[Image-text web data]
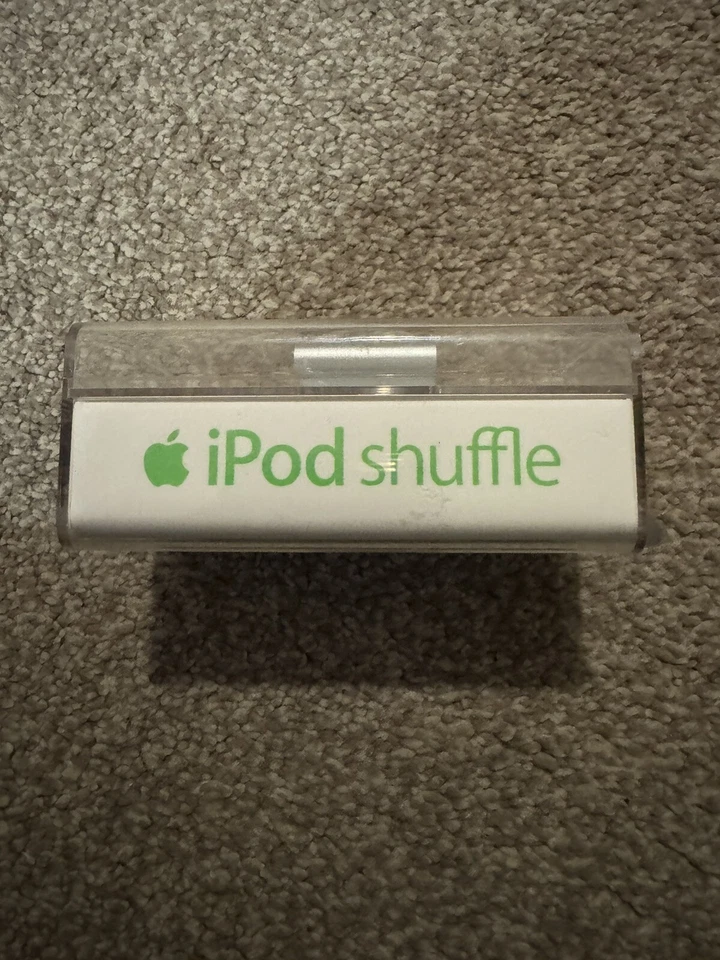 Apple iPod Shuffle A1204 1 GB Silver - Image 2 of 4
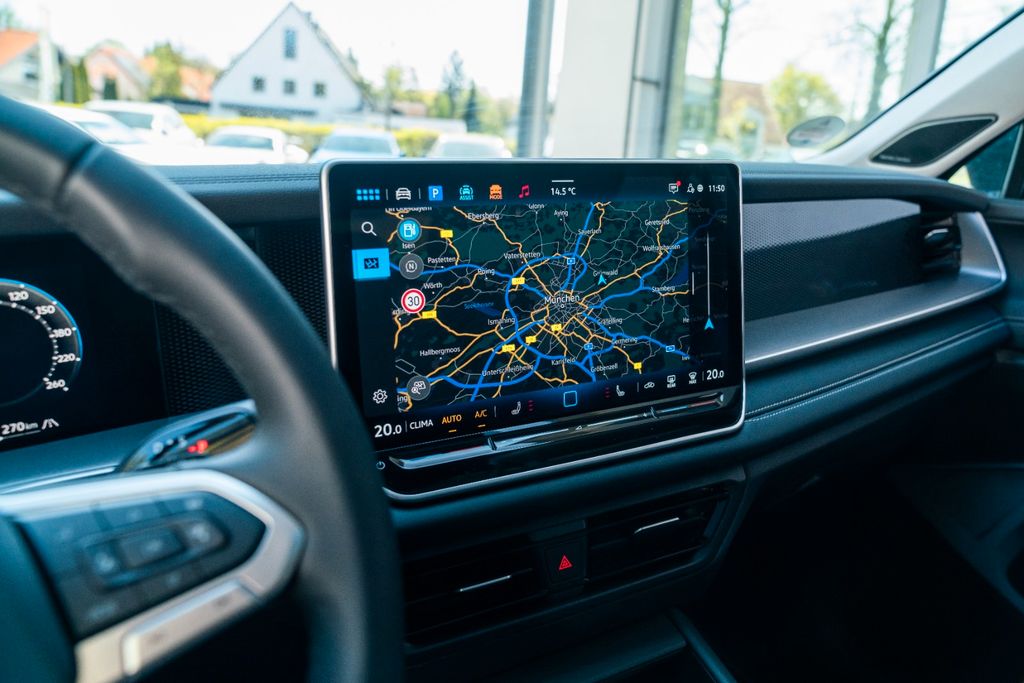 VW Tayron 1.5 eTSI Life/ AHK/ IQ DRIVE/ PANO/ ACC VW Tayron 1.5 eTSI Life/ AHK/ IQ DRIVE/ PANO/ ACC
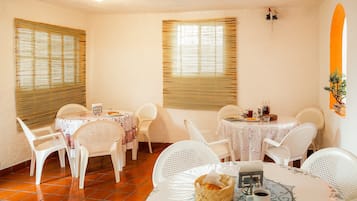 Se sirven desayunos, comidas y cenas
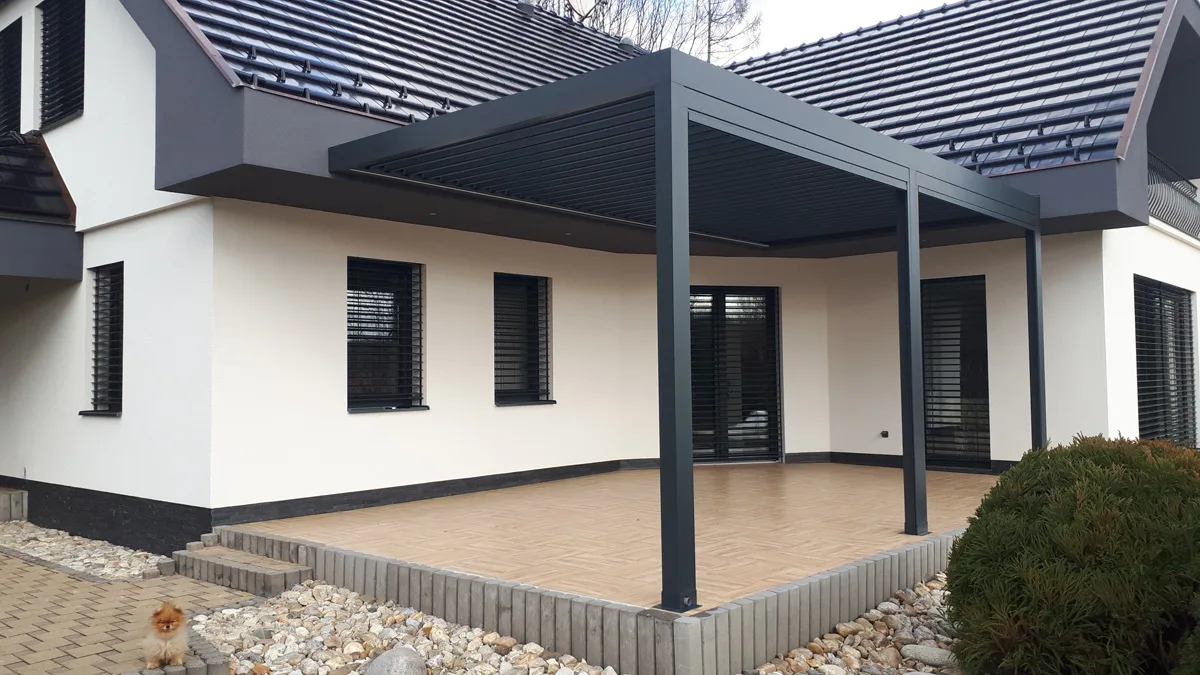 Antracitová bioklimatická pergola pozdĺž terasy rodinného domu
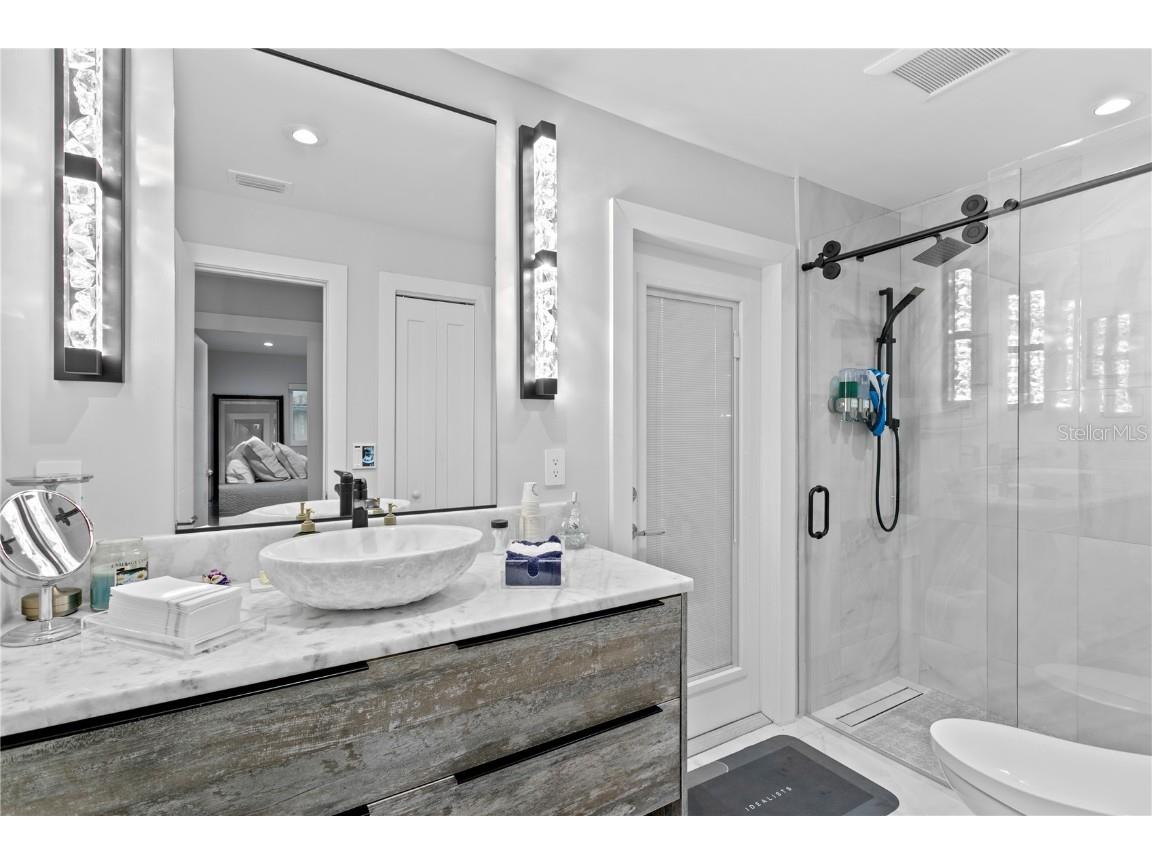 4001 48th Avenue S Saint Petersburg FL 33711 TB8414476 image27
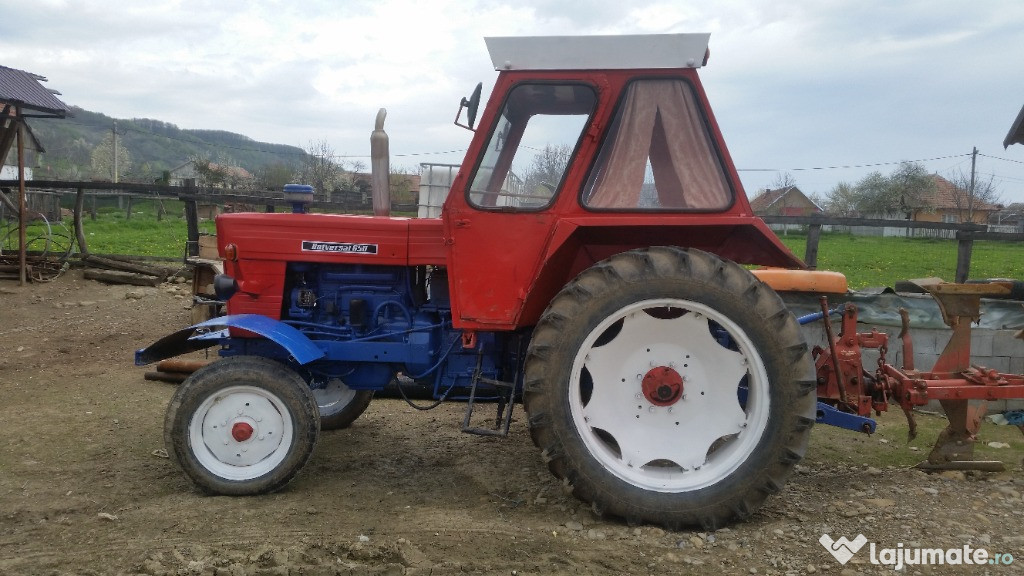 Tractor Universal U650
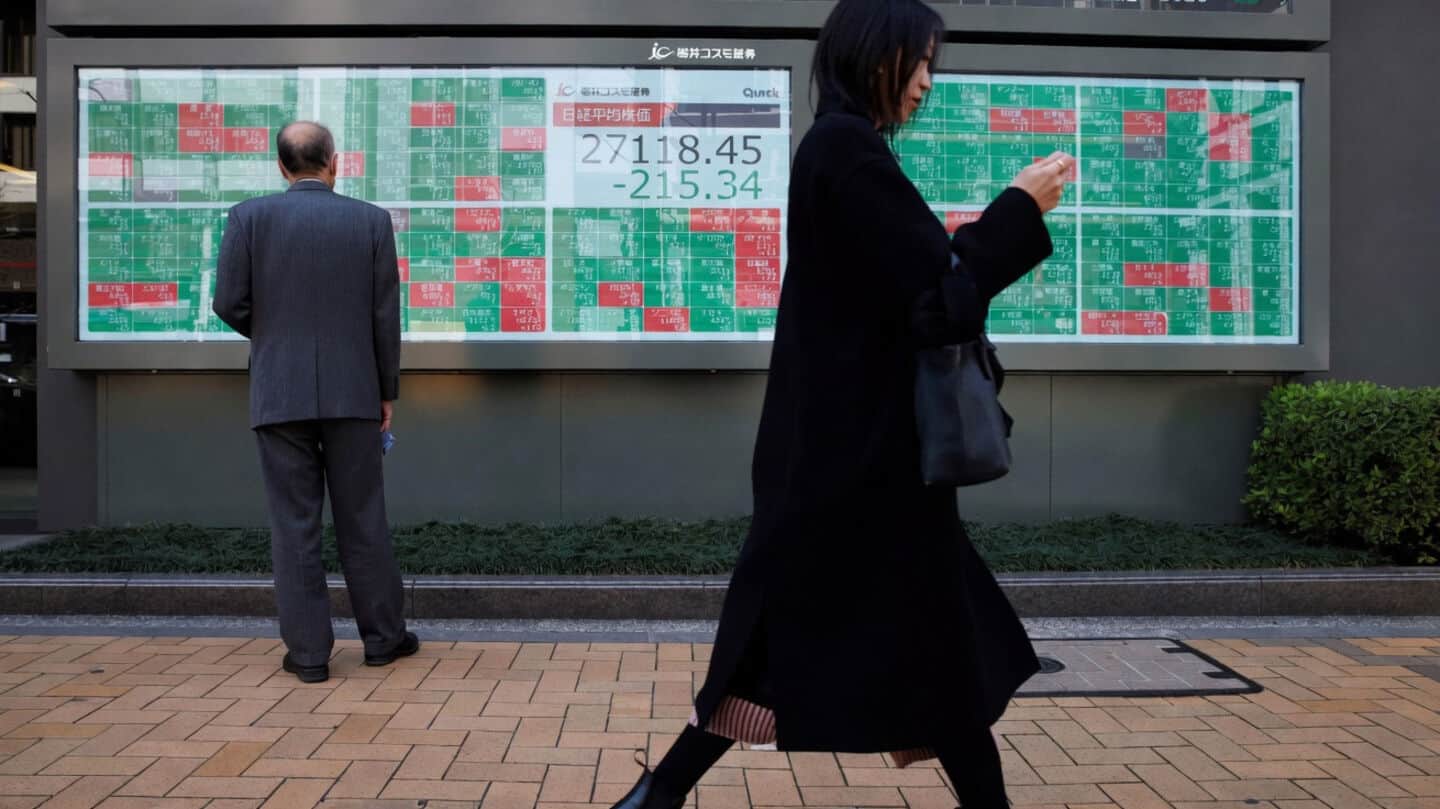 Nikkei 225 falls 1.8% after US semiconductor weakness, oil eases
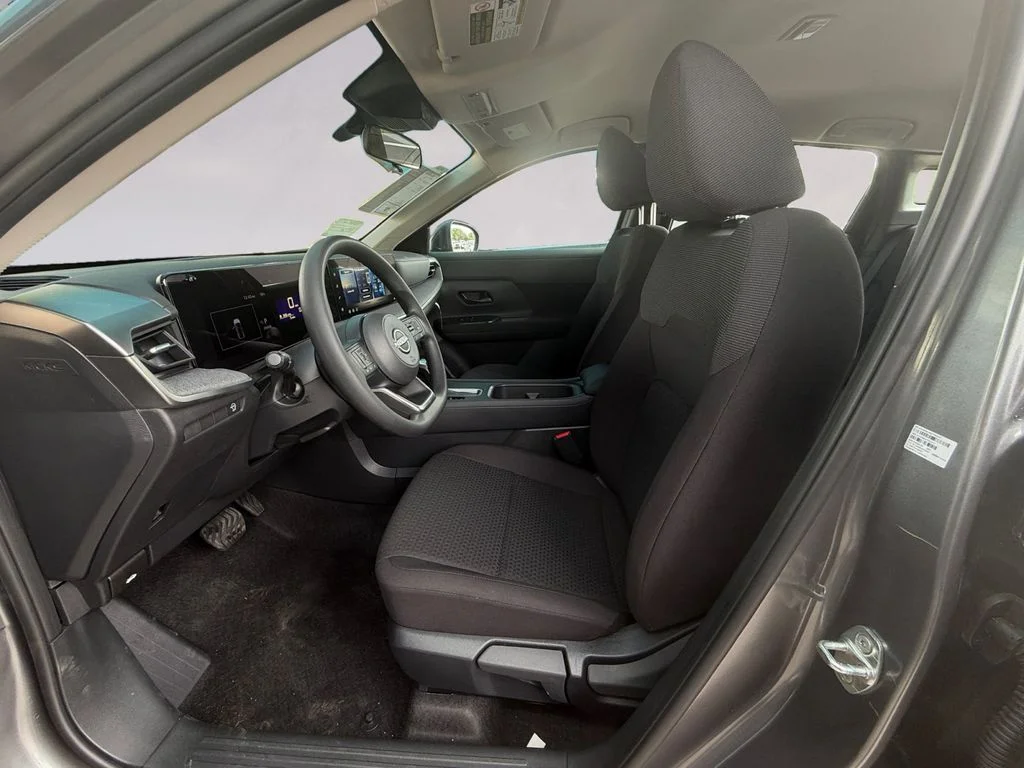 New 2026 Gray Nissan S image 10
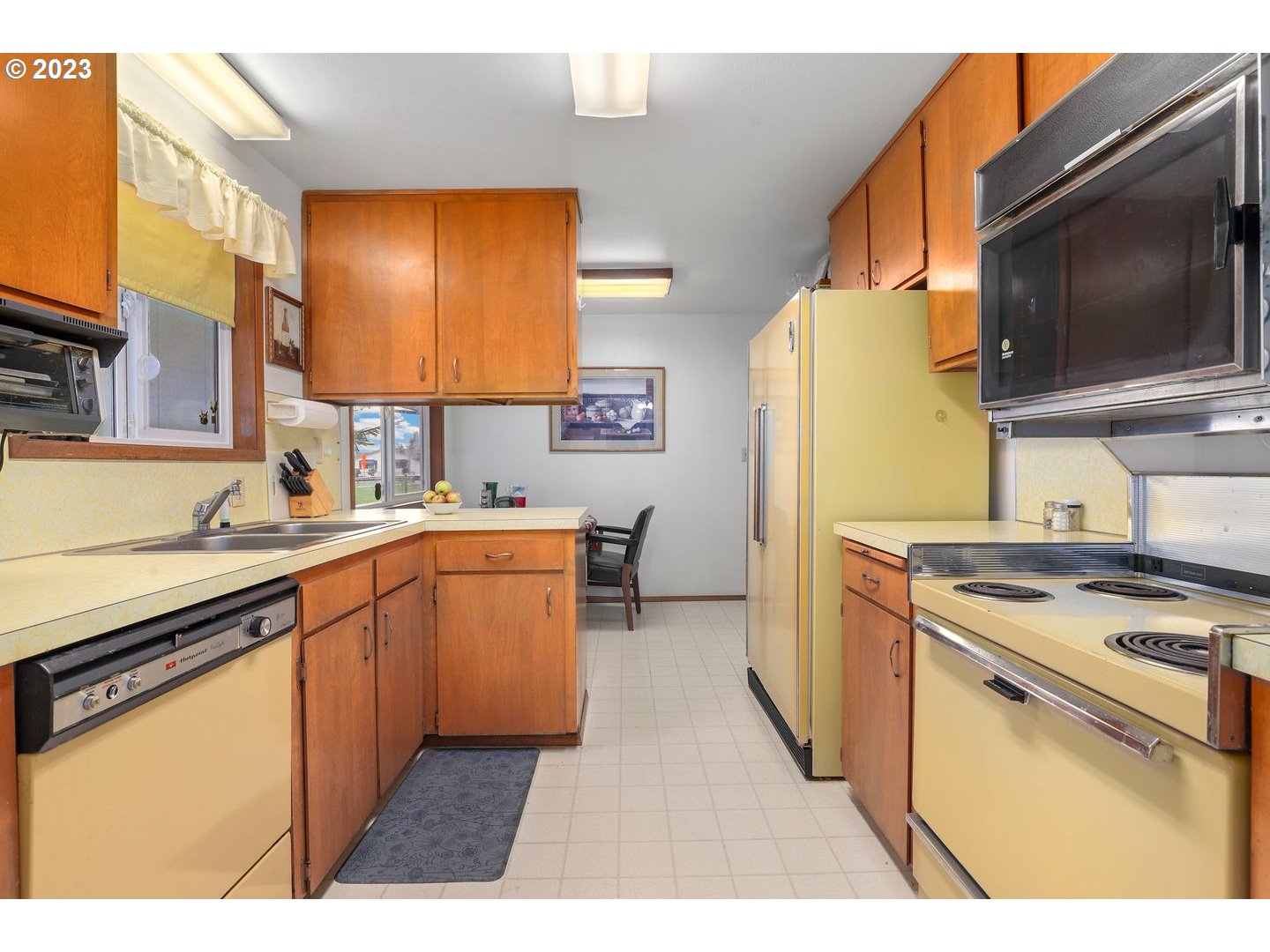 654 Oregon Way Woodburn, OR 97071 - Photo 17 of 32 Gallery Image 17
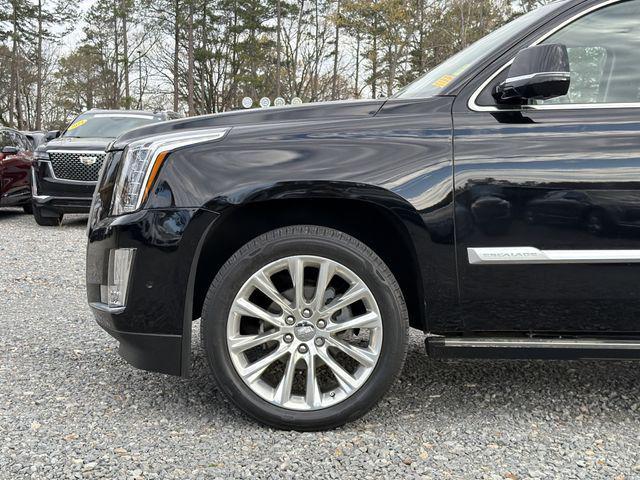 used 2019 Cadillac Escalade ESV car, priced at $31,770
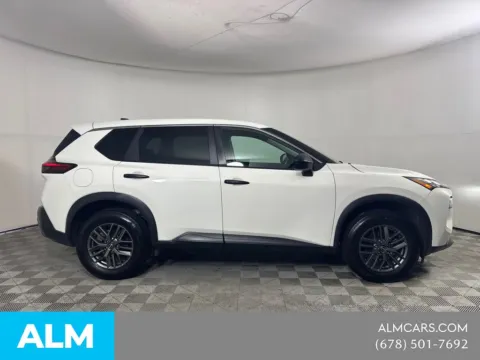 More photos of 2022 Nissan Rogue S at ALM Mazda South, GA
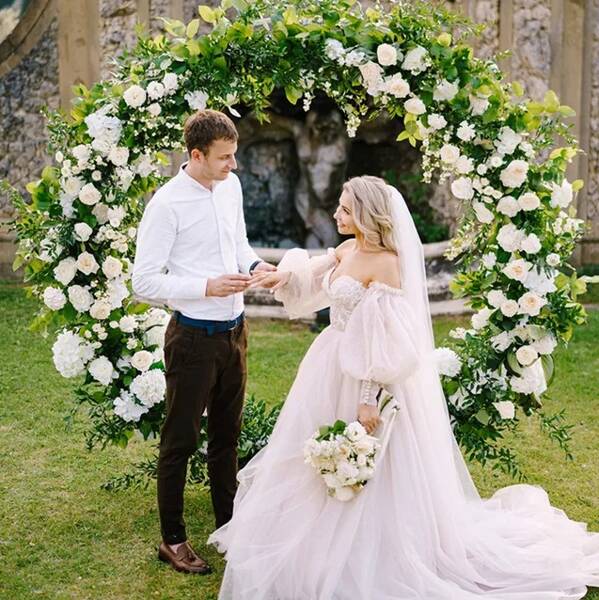 STELAŻ STOJAK KOŁO OBRĘCZ NA BALONY METAL ZŁOTY 2M KOMUNIA WESELE ŚCIANKA Rodzaj stojaki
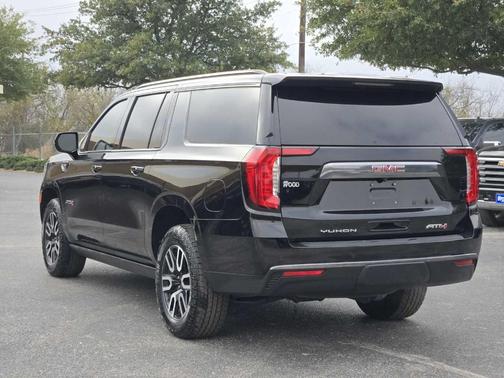 2023 GMC Yukon XL AT4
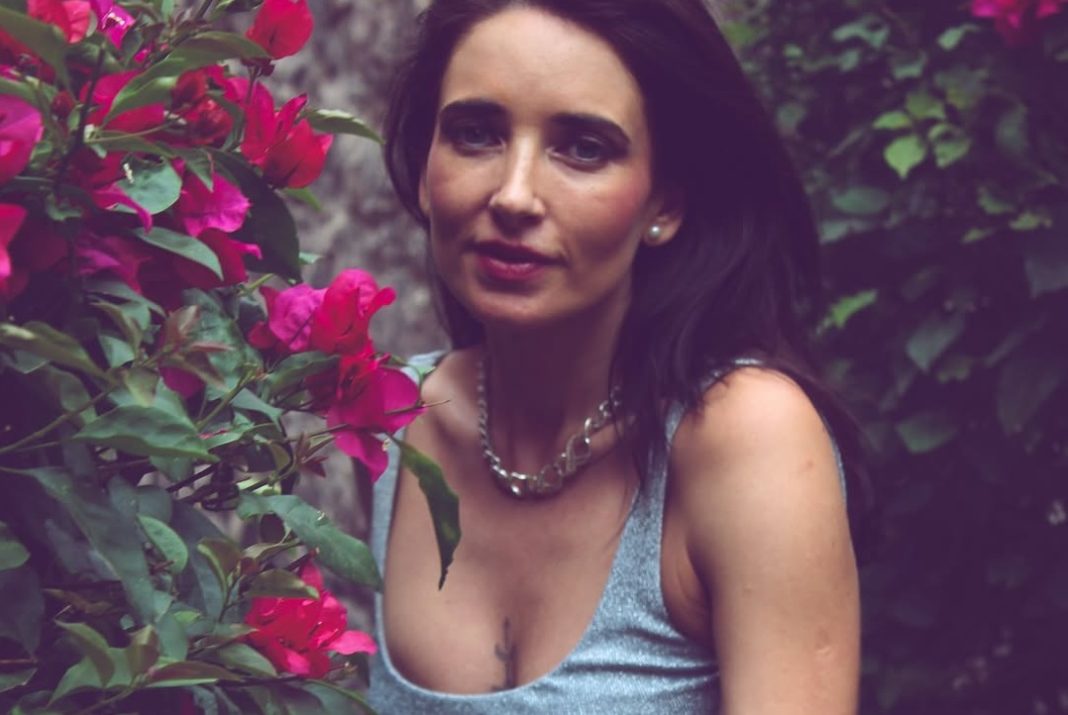 Camila Nash Celebra la Libertad y Belleza del Cuerpo en Playa Nudista de México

→ **Task directions**
Exactly as written, reproduce all of the entries while dropping the pictures.

→ **Solved exercise**
 Apple iPod Shuffle A1204 1 GB Silver - Image 2 of 4
 VW Tayron 1.5 eTSI Life/ AHK/ IQ DRIVE/ PANO/ ACC VW Tayron 1.5 eTSI Life/ AHK/ IQ DRIVE/ PANO/ ACC
 Se sirven desayunos, comidas y cenas
 Antracitová bioklimatická pergola pozdĺž terasy rodinného domu
 4001 48th Avenue S Saint Petersburg FL 33711 TB8414476 image27
 Tractor Universal U650
 Nikkei 225 falls 1.8% after US semiconductor weakness, oil eases
 New 2026 Gray Nissan S image 10
 654 Oregon Way Woodburn, OR 97071 - Photo 17 of 32 Gallery Image 17
 used 2019 Cadillac Escalade ESV car, priced at $31,770
 More photos of 2022 Nissan Rogue S at ALM Mazda South, GA
 STELAŻ STOJAK KOŁO OBRĘCZ NA BALONY METAL ZŁOTY 2M KOMUNIA WESELE ŚCIANKA Rodzaj stojaki
 2023 GMC Yukon XL AT4
 Camila Nash Celebra la Libertad y Belleza del Cuerpo en Playa Nudista de México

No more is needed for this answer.